A Who's Who of Apple executives exploit this to build mansions on nearby
"ranches":

[https://www.sccassessor.org/index.php/tax-savings/tax-
reduct...](https://www.sccassessor.org/index.php/tax-savings/tax-
reductions/farmers-and-ranchers)

------
compsciphd
I created a donor advised fund at the end of 2017. Looked at my assets and
basically said, I'll put away 4-5 years worth of charitable donations.

1) With the tax changes going down, the benefit this year would be greater
than any future year

2) with the changes increasing the standard deduction and limiting the SALT
deduction, even if I would itemize in the future, it be less valuable.

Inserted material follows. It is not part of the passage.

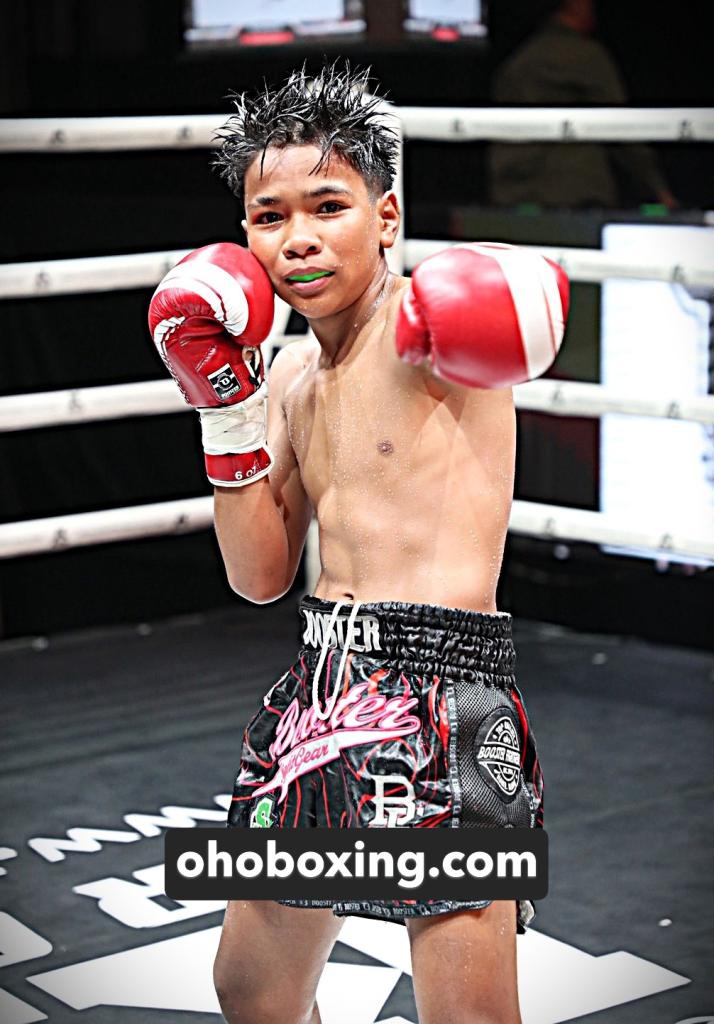 เมืองบัวเงิน ป.พรพูลยิม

i.e. it's just for billionaires (or even millionaires)

------
dan-robertson
Is this particularly related to tech, or even new? Isn’t giving to charity (or
things that claim to be charity) quite a common thing for the rich to do to
reduce their taxes? And something that’s been done for decades too?

------
dang
Also about this, from two months ago:
[https://news.ycombinator.com/item?id=17126875](https://news.ycombinator.com/item?id=17126875).

------
AdamM12
You are always giving away more money than you receive in tax benefits. People
forget that.

------
crb002
Issue is that charity should come after tax.